Attendance required. No assigned reading.
This course is composed of three parts: reading and discussing foundational papers in every class, reading and presenting recent work for one class, and completing a group research project. Grading will be based on:
Readings and Discussion (30%)
We will read and discuss 1–2 papers for each class. Typically, these are formative works in an area of security. Students should come prepared to actively discuss assigned papers and to make substantive intellectual contributions. This means that you need to thoroughly read each paper ahead of time. Before each section, students will submit a short (400 word) summary and reaction for each each paper, as well as a proposal of one discussion question for class.
Students should submit the reading assignments through Gradescope by noon on the day of each class.
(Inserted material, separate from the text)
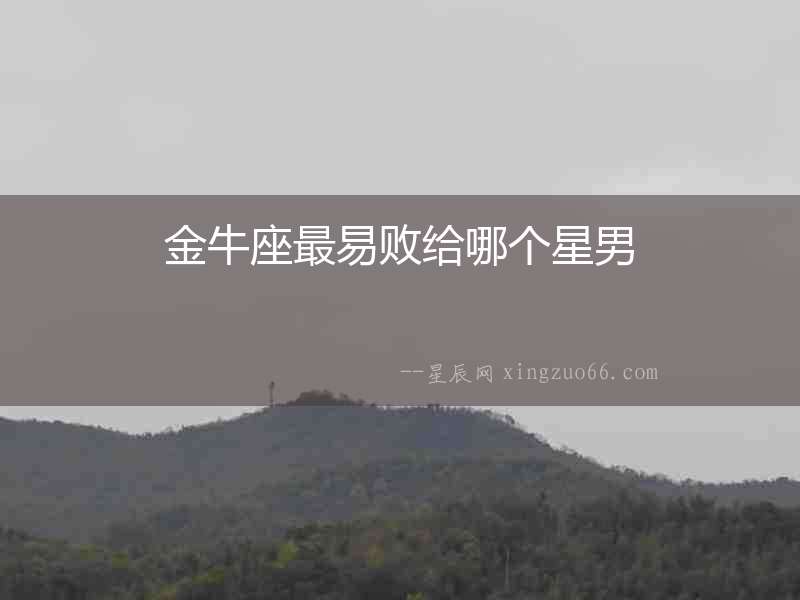 金牛座最易敗給哪個星男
Grading will be based 20% on these written responses and 10% on in-class participation. We do not allow any late days for paper reactions, but students may skip two paper summaries and two lectures without penalty. Participation grades are based on not only attendence, but active participation during class discussion.
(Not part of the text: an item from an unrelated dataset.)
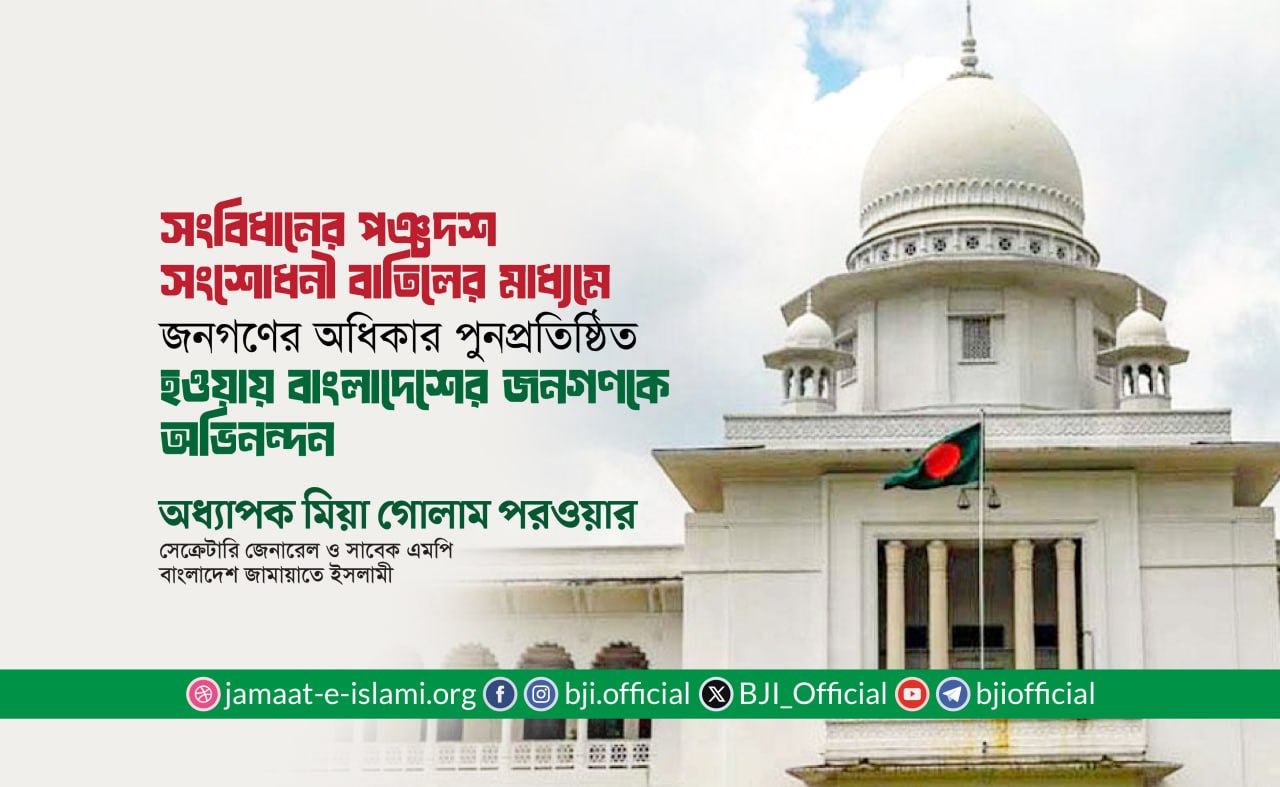 সংবিধানের পঞ্চদশ সংশোধনী বাতিলের মাধ্যমে জনগণের অধিকার পুনপ্রতিষ্ঠিত হওয়ায় বাংলাদেশের জনগণকে অভিনন্দন- অধ্যাপক মিয়া গোলাম পরওয়ার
Do not underestimate the amount of time required to properly read and process a research paper. Expect to spend several hours preparing for each section.
Topic Presentation (15%)
While reading a few formative papers helps demonstrate how a subfield started, it oftentimes leaves us wondering how the area has evolved. To fill this gap, pairs of students will read 3-4 more recent papers and provide a 20 minute presentation about the current state of a research area at the start of one class.
Course Project (55%)
Students will complete a quarter-long original research project in small groups (1–3 students) on a topic of their own choosing. Groups will present their work during the last two sections as well as submit a 6–10 page report, similar to the papers we read in the course.
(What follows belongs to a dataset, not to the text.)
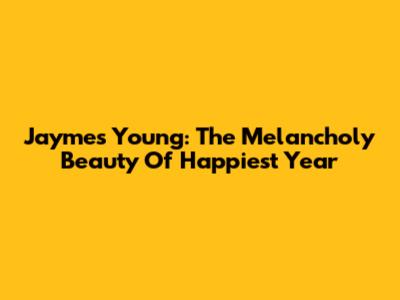 Jaymes Young: The Melancholy Beauty Of 'Happiest Year'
Projects have four graded components:
Students should submit all reports through Gradescope by 11:59PM on the day of each deadline.
In past offerings, well-executed projects have led to publications at top-tier security conferences and workshops. I'm happy to work with groups to publish their work.